_The problem_.
Whenever a line in the material below includes "Drive", copy that line.
Start of Data block
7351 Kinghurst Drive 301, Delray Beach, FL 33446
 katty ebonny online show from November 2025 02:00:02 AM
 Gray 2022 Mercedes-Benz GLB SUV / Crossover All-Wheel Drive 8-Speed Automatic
End of Data block
_Answer box_.
7351 Kinghurst Drive 301, Delray Beach, FL 33446
 Gray 2022 Mercedes-Benz GLB SUV / Crossover All-Wheel Drive 8-Speed Automatic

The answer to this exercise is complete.